What would it look like if I were BIG? Exactly the same as it does now, only with a partner and a house with in-law quarters 1/2 acre away. Oh, and I’d be an at-home mom again.

Oh now that was just what I needed.

A corner table at Saffron Indian Cuisine, my friend Michele and HER friend (who will remain nameless since I know it’s OK to talk about Michele in my blawwwwwg but I forgot to ask our Third Party of the Evening).

My tummy, she is happy. The staff of the restaurant was attentive but not overtly so, and we had a raucous conversation. Well, except for the part where it seemed like hours before they came to pick up the check.

Affirmed: I’m on an oil-covered slip’n'slide straight to hell.

Acknowledged: I’m a baaaaaaad influence. $250/hr to start, that’s all I’m sayin’.

I’m not supposed to blog a good 2/3 of our conversation. Apparently, Michele’s Invisible Friend Jesus gets upset when she’s not behaving as she should be.
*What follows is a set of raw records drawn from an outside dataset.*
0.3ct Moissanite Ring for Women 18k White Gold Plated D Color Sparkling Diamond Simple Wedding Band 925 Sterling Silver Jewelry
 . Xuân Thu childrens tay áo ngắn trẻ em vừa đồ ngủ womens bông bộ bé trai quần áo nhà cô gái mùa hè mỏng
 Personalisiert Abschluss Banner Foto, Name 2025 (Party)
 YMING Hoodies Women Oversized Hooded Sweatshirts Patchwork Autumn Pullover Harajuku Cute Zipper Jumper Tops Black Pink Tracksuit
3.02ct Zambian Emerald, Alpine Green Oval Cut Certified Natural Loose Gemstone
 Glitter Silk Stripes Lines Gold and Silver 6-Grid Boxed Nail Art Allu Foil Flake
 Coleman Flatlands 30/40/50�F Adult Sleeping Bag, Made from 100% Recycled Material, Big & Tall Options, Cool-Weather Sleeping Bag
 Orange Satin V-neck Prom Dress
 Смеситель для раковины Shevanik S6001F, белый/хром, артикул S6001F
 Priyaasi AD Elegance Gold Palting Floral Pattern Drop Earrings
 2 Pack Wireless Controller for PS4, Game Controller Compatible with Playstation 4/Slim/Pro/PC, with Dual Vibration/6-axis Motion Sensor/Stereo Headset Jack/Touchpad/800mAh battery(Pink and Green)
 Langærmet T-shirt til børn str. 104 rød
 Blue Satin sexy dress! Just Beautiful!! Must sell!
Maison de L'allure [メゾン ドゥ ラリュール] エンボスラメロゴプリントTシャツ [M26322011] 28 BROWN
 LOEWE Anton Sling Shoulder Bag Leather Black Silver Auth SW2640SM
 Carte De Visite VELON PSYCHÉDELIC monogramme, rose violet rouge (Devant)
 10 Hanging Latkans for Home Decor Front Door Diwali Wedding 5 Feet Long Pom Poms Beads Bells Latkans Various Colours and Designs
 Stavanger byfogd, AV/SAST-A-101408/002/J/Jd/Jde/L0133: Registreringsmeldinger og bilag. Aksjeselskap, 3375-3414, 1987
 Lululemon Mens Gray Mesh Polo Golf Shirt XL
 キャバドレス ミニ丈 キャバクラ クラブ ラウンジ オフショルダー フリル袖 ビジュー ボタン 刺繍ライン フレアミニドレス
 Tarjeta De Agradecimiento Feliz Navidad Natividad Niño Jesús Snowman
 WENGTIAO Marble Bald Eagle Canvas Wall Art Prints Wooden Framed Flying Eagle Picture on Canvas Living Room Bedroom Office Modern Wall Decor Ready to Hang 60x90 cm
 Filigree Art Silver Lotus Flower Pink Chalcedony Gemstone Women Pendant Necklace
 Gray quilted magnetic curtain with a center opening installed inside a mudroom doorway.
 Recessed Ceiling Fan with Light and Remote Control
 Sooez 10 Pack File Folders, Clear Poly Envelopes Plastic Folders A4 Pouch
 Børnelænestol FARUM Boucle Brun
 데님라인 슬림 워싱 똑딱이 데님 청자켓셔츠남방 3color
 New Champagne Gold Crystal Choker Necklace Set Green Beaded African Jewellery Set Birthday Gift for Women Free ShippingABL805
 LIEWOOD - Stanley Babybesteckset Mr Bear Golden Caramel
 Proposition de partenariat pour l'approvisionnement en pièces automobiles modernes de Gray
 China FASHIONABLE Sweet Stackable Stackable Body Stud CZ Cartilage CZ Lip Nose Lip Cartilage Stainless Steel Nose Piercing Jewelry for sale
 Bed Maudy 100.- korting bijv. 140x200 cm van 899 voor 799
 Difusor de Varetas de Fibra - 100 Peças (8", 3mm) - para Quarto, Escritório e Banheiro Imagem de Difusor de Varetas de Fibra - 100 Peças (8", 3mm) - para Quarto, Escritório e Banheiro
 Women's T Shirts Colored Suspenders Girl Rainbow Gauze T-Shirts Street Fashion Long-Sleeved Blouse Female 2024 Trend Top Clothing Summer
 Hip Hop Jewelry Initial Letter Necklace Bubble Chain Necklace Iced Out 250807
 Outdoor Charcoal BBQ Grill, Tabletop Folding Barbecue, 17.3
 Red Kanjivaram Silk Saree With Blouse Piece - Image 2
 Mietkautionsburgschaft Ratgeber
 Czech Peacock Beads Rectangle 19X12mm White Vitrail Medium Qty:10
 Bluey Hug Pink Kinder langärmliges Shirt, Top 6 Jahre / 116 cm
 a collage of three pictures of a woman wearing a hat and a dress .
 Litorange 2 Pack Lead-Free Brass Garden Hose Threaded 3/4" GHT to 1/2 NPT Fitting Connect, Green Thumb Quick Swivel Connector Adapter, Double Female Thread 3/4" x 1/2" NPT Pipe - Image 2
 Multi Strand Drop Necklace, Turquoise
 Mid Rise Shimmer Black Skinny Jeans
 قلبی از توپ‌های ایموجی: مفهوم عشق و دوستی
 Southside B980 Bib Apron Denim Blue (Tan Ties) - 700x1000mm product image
Michele didn’t believe me when I said I was as wide as I was tall once upon a time. This Feb 2007 post has a smidge of photographic proof. (Like you can be a smidge of anything when that voluptuously pregnant!!!)

Also, it’s with sincere regret that I inform you ladies that you’re not the first members of my fanclub. Can you guess who it is from this January 2004 post?

Hm. What else did we talk about that I promised links for? I can’t remember now…

****Added later:

The Tag Suggest Thing for WordPress is here.

I also found another “hugely pregnant” picture. This one was taken 3 days before Joe was born. (Take a look at my foot – it’s the only place where it’s obvious that I was having fluid retention issues.) (Apologies to the regular readers who remember this pic. Michele didn’t.)